La nourriture et l’eau étaient au cœur de ses préoccupations. Il s’agissait des besoins essentiels à la vie et de la base d’une colonie stable. Si quelque chose arrivait aux lignes d’approvisionnement de la ville, la moitié de la population disparaîtrait du jour au lendemain. Le prestige de Greenland et le sien en souffriraient également.
« Combien de temps nos réserves de nourriture tiendront-elles ? »

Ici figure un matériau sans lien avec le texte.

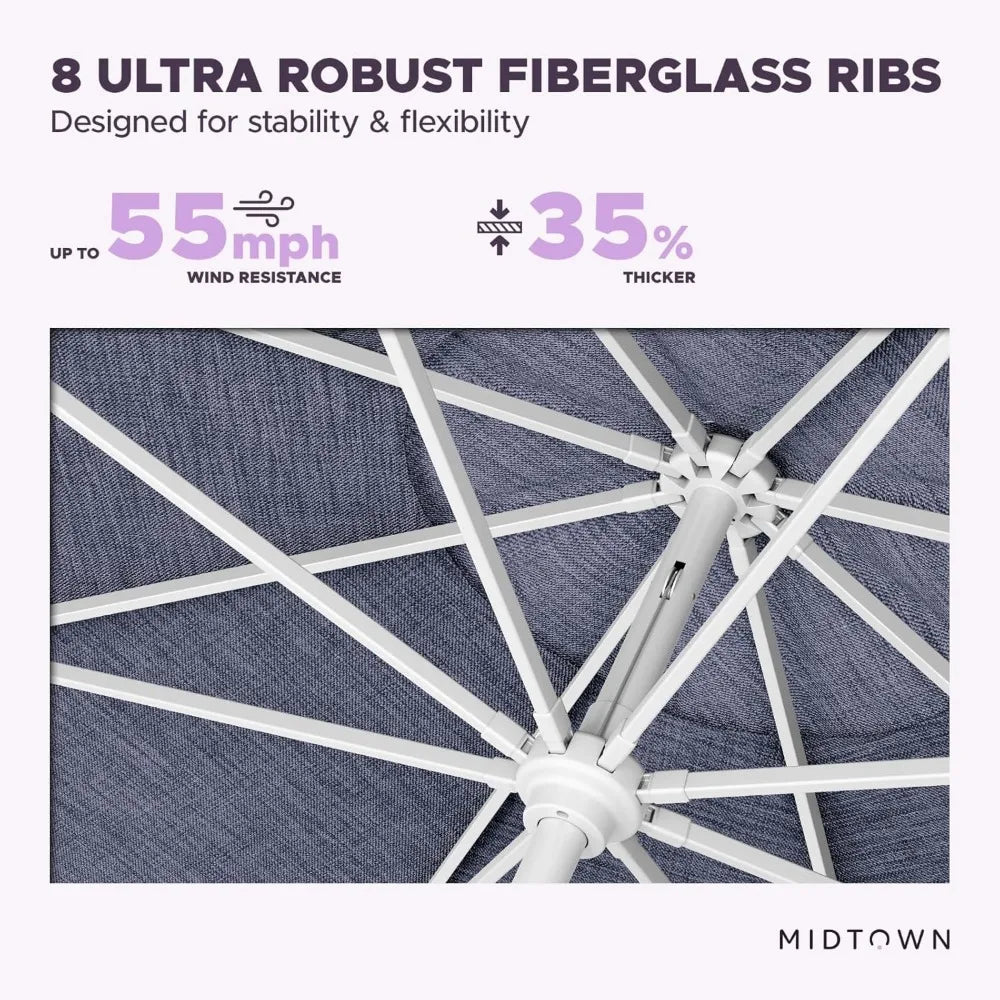 8 Ft. Patio Umbrella Polyester Fabric - Fiberglass Ribs, Auto-Tilt Aluminum Frame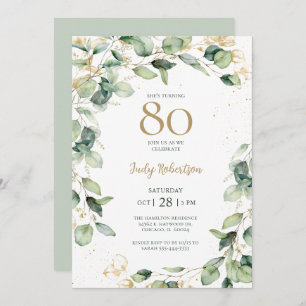 Invitation 80e anniversaire Eucalyptus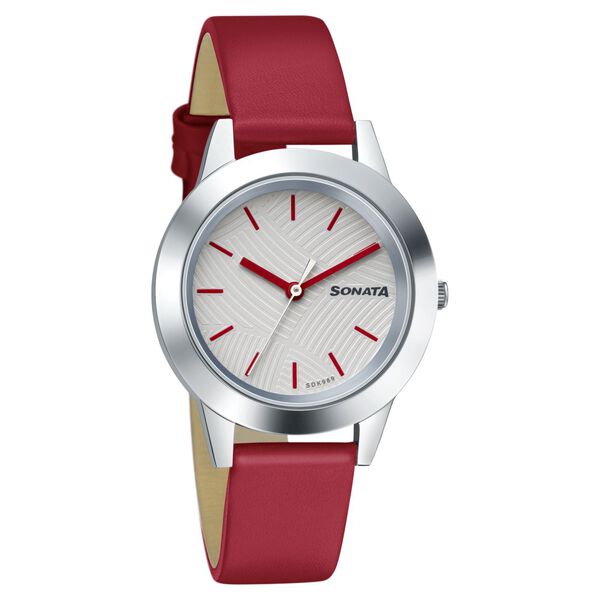 Sonata Splash White Dial Women Watch With Leather Strap - image number 1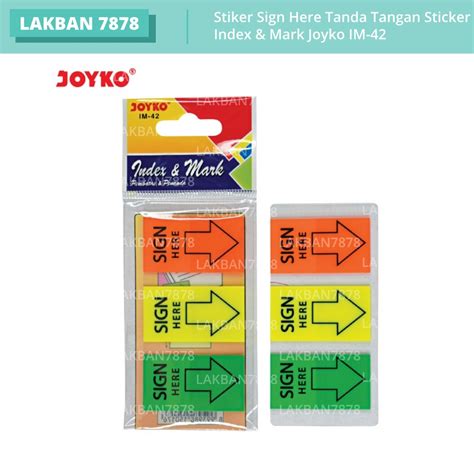 Jual Stiker Sign Here Tanda Tangan Sticker Index Mark Joyko IM 42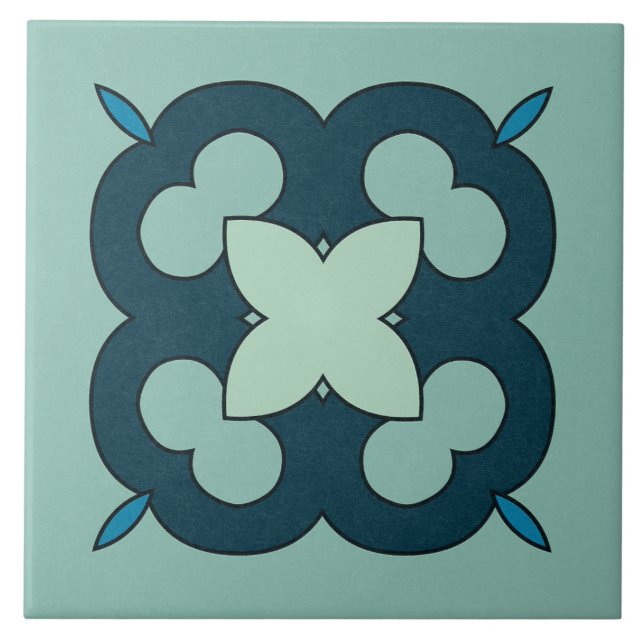 Ceramic Tile- Blue and Teal Textured Design Tile (Front)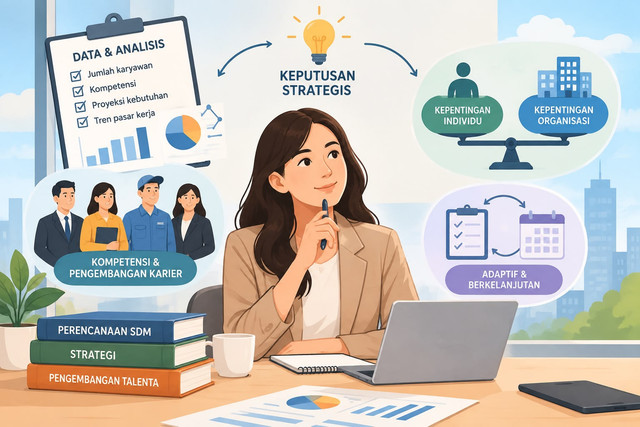 Sumber gambar : Ilustrasi gambar menggunakan AI, 2026                                                 Perencanaan SDM bukan sekadar menghitung jumlah karyawan dan menyusun target rekrutmen. Di balik angka, ada keputusan strategis tentang kompetensi, pengembangan karier, dan masa depan organisasi. Lalu, bagaimana seharusnya perusahaan merencanakan SDM agar tetap adaptif sekaligus manusiawi?
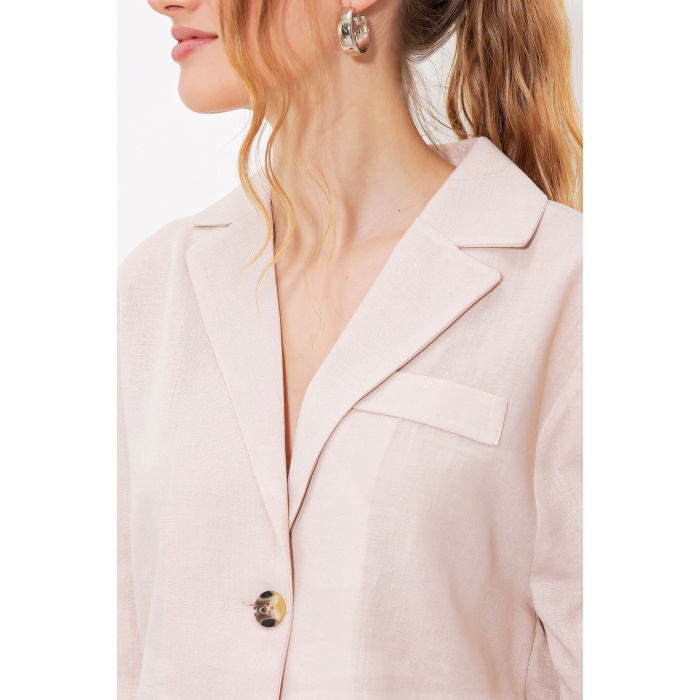 Kadın Krem Çift Düğmeli Oversize Crop Keten Ceket 0706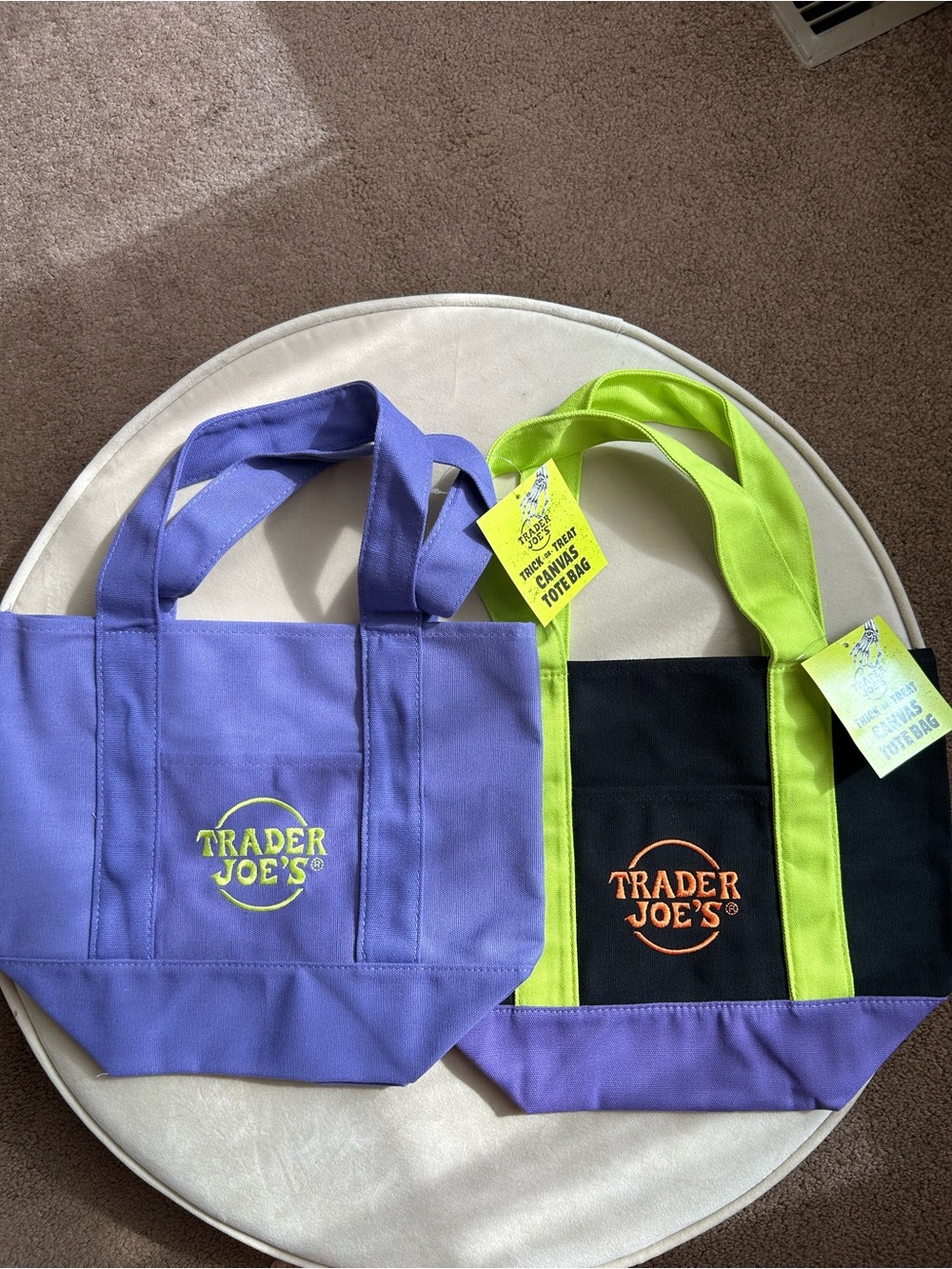 Trader Joe’s Purple and Black Canvas Tote Bags - Set of 2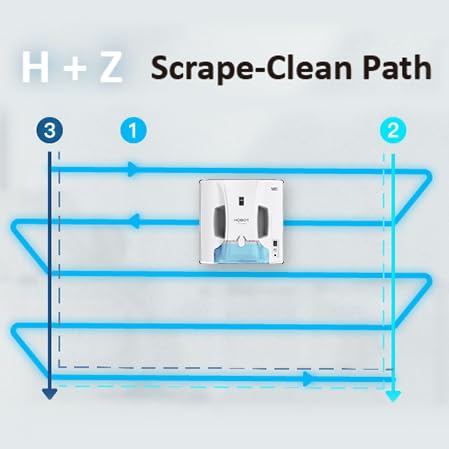 HOBOT-SP10 iScraper Window Cleaning Robot, Spray-Sweep-Scrape, 6000Pa Suction, App + Remote Control, Framed/Frameless Glass, Indoor/Outdoor Use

« D’après nos réserves et notre vitesse de production, pondérées par le taux de croissance de la population… environ un mois. Après cela, nous vivrons au-dessus de nos moyens. »
« Un mois seulement ? »
Leur principale source de nourriture était les champignons ramenés de la planète Spore. Ils avaient déjà été modifiés par Hellflower pour pouvoir être plantés et récoltés en toute sécurité. Grâce à la façon dont ils absorbaient l’énergie, ils poussaient rapidement et étaient donc devenus un élément essentiel de l’alimentation des habitants des terres désolées. Au cours de l’année écoulée, les réserves avaient été considérables.
C’est pourquoi Cloudhawk avait poursuivi ses plans d’urbanisation avec confiance. Les champignons étaient faciles à cultiver et ne nécessitaient pas beaucoup d’espace. Il pensait qu’ils suffiraient amplement à nourrir les ouvriers pendant la construction de la nouvelle ville.
Mais aujourd’hui, il semblait avoir été trop optimiste. La ville avait attiré des dizaines de milliers de personnes, ce qui signifiait qu’une énorme quantité de nourriture était nécessaire. Avec seulement le Greenland et quelques fermes, les réserves étaient épuisées.
« L’eau aussi va manquer », ajouta Hellflower. « Nous avons inventé des purificateurs d’eau, mais nous dépendons uniquement de Greenland pour sa production. »
La consommation d’eau potable atteignait des niveaux stupéfiants. Ils étaient sur le point d’épuiser leurs réserves. Si Cloudhawk ne résolvait pas ce problème rapidement, l’Alliance verte aurait de sérieux problèmes.